A atuação de Brat Pitt é um show (ruim) à parte. É difícil acreditar que seja o mesmo ator que participou de Se7en. Aqui o americano é incapaz de achar um elo entre a sátira e o sério sem parecer um boneco “ken” humano. Com movimentos totalmente robóticos, caretas excessivas e tom de voz forçado, não só não há nenhuma humanidade no personagem, como tais escolhas de construção tornam as tentativas do filme de imprimir drama um fracasso completo. Tudo isso, claro, seria amenizado se a obra, como dito nos parágrafos acima, optasse por focar na sátira, sem tentar redirecionar a narrativa para o drama. Prejudica também a organização dos acontecimentos e a montagem, que administram um ritmo uniforme que faz os 120 minutos da metragem parecerem uma eternidade.

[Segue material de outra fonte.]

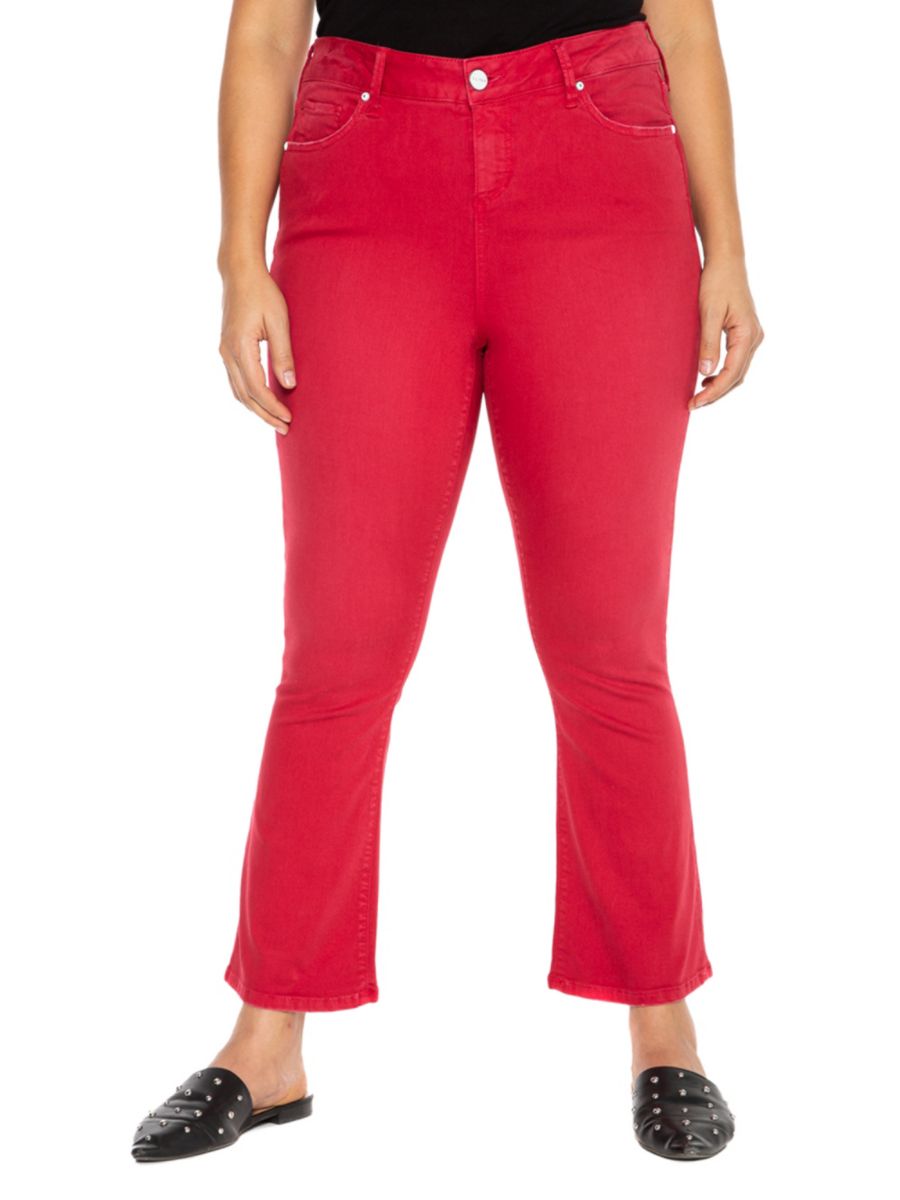 

Джинсы-клеш с высокой талией и щиколоткой Slink Jeans Plus, цвет Chili Pepper
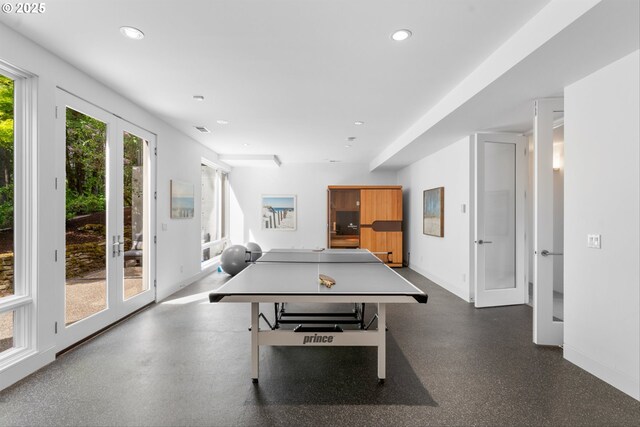 4140 NW Thunder Crest Rd, Portland, OR 97229 - playroom featuring french doors, healthy amount of natural light, baseboards, and recessed lighting
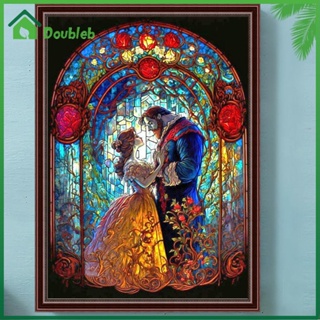 【Doub X ✮】ภาพวาดปักเพชร ทรงกลม ลาย Beauty and Beast 5D DIY สําหรับตกแต่งบ้าน ✮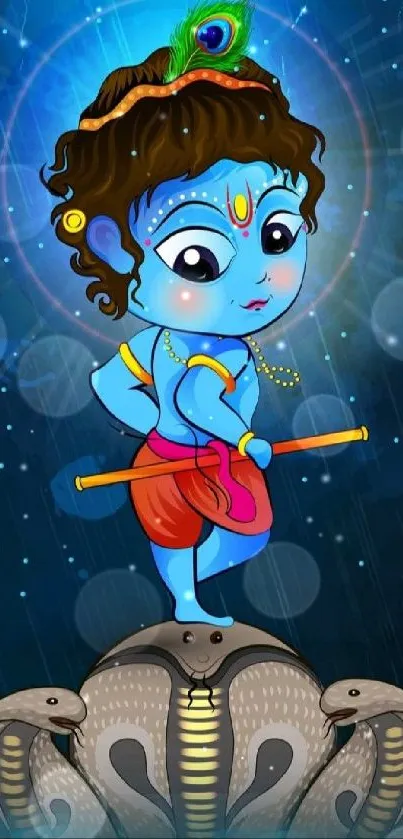 Cute baby Krishna standing on serpent with flute.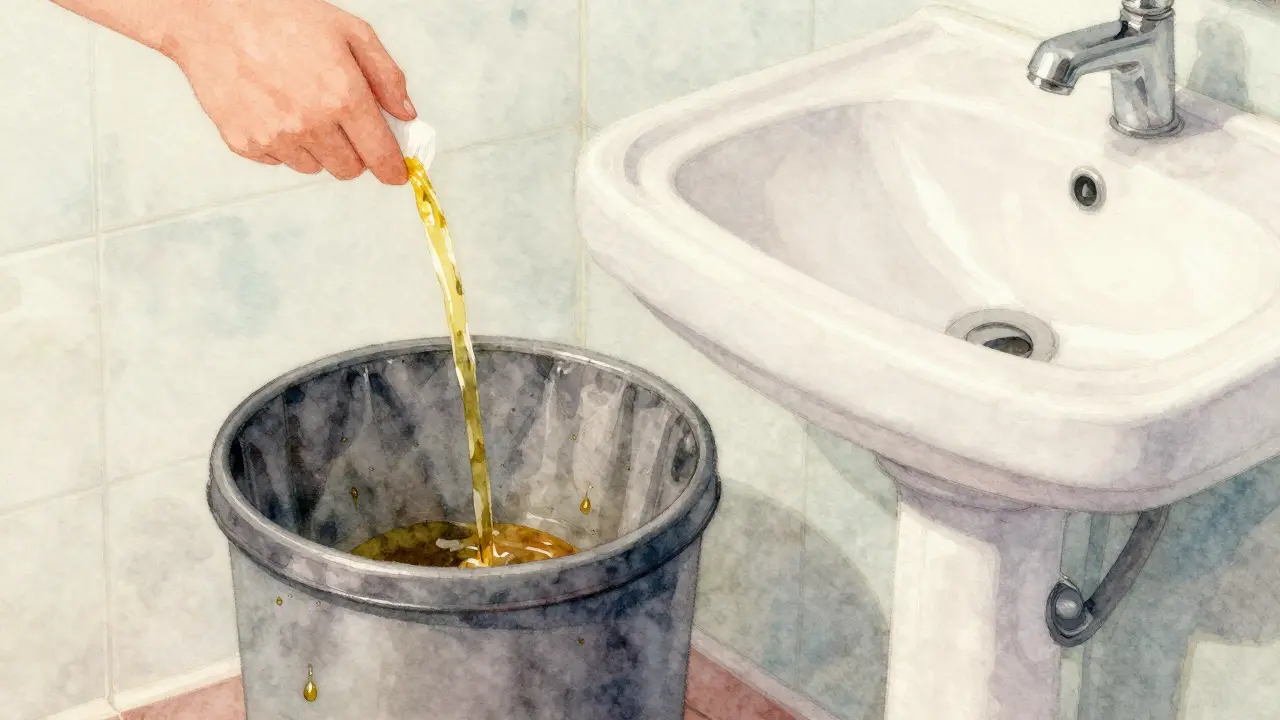 Osoba vyplivá olej do odpadkového koše místo do umyvadla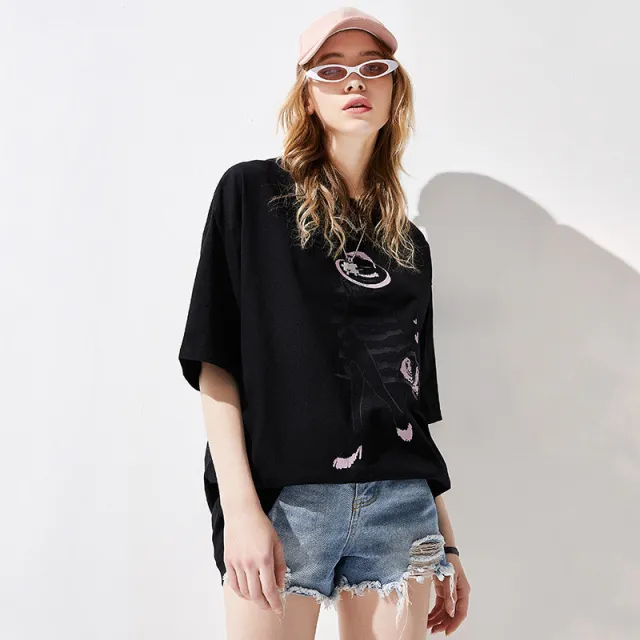 Short Sleeve Character Print Loose Fit Cotton Black - Shop at LoveMi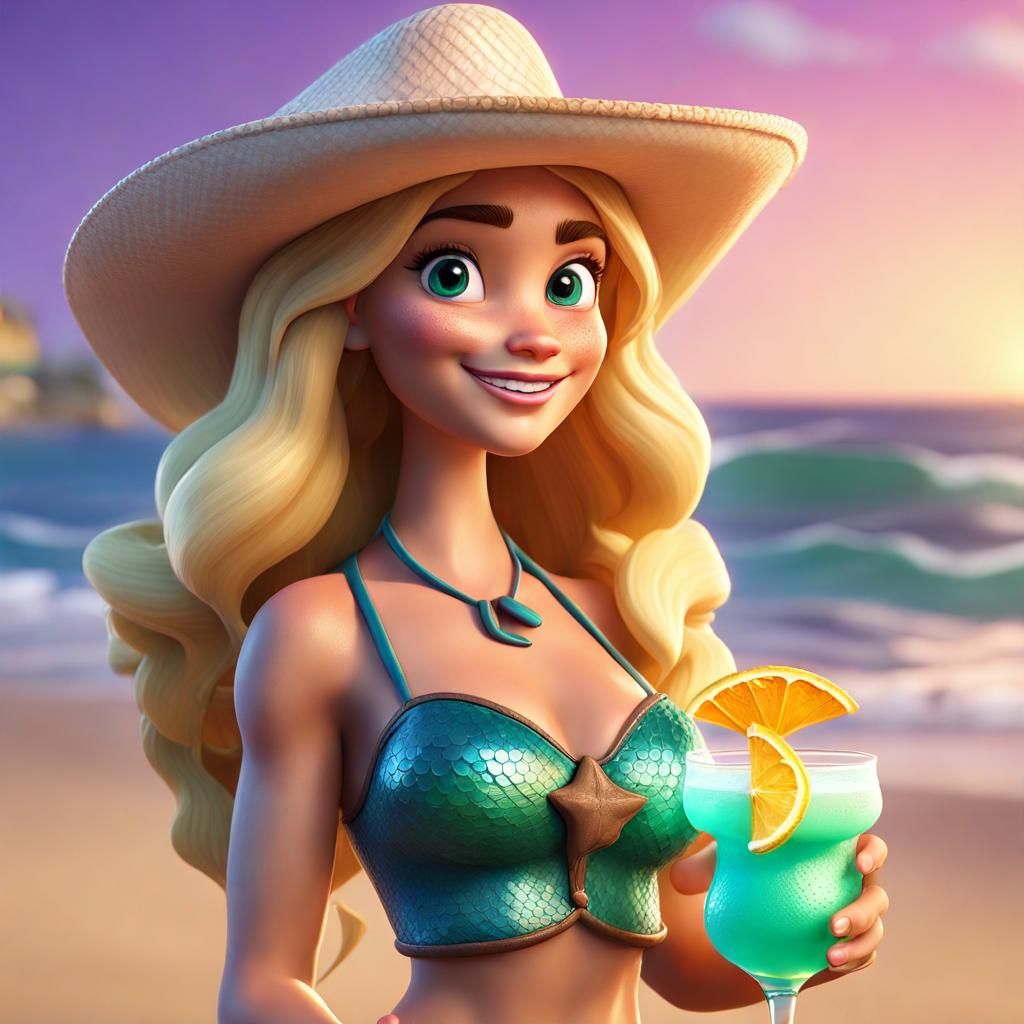 Mermaid with Cowboy Hat in Pixar Style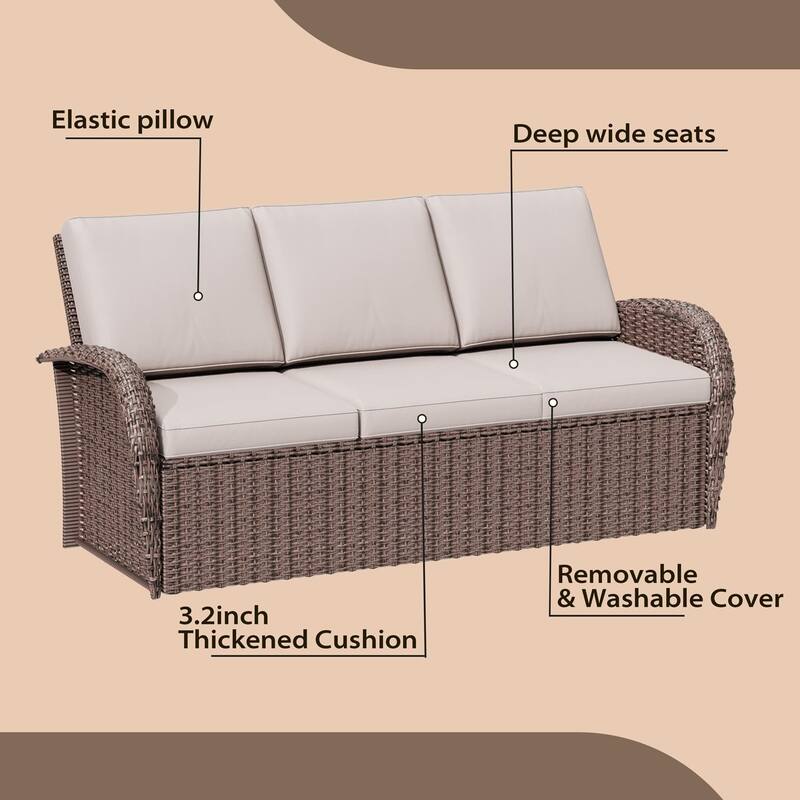 EROMMY Outdoor Wicker Patio Set with Swivel Chairs, Sofa, Ottomans and Tables, All-Weather Conversation Furniture for backyard.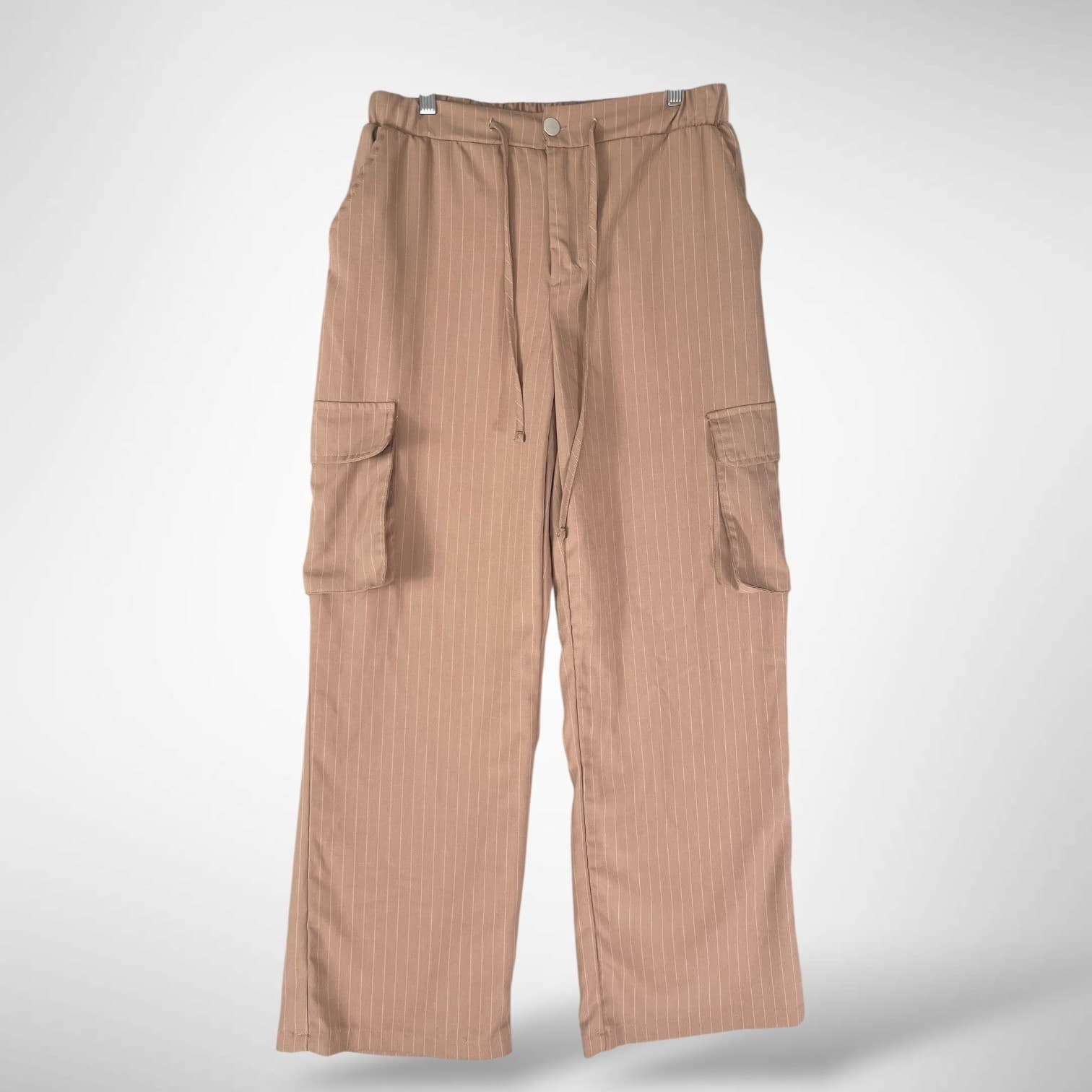 RACHEL PAIGE Brown Pinstripe Cargo Pants Wide Leg Drawstring Waist Women's - Thumbnail 2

Não beneficia o filme a má escolha de cores do diretor de fotografia Dariusz Wolski, que só alterna entre uma camada fria acinzentada e outra amarelada, sem tentar construir um sentido em tais variações. Aliados às escolhas de plano óbvias que pouco utilizam a linguagem do cinema, construindo cenas apenas com planos e contra-planos óbvios, tornam a obra mecânica e sem vida. A trilha musical também pouco contribui para a narrativa, repetindo passagens que mais parecem oriundas de um filme de exploração espacial e estão sempre desconexas com os tons do filme. Em suma: como se não bastasse as más escolhas de gênero de Michod, a ala técnica de Máquina de Guerra é um desastre à parte que em nada absolve o fracasso que é o longa como um todo.
Máquina de Guerra não chega a ser intragável, sendo salvo pelos momentos satíricos do longa, quando faz comentários políticos interessantes, principalmente na cena do “embargo” americano sobre o cultivo de algodão afegão, que mostra como a América finge que se importa com outras nações, contanto que o interesse desses países não prejudique os interesses dos próprios americanos. Apesar do fracasso geral, os últimos segundos do filme trazem um momento de rara felicidade, com uma piada que sintetiza a real situação das ações militares americanas no oriente-médio. Infelizmente, é pouco. A obra representa mais do que mais um erro da Netflix, mas uma verdadeira mancha nos currículos de Pitt, Michod e Ben Kingsley, que aqui entregam seus piores trabalhos até hoje. Que pelo menos o serviço de streaming tenha a humildade de aprender com seus erros e trazer conteúdo de melhor qualidade no futuro.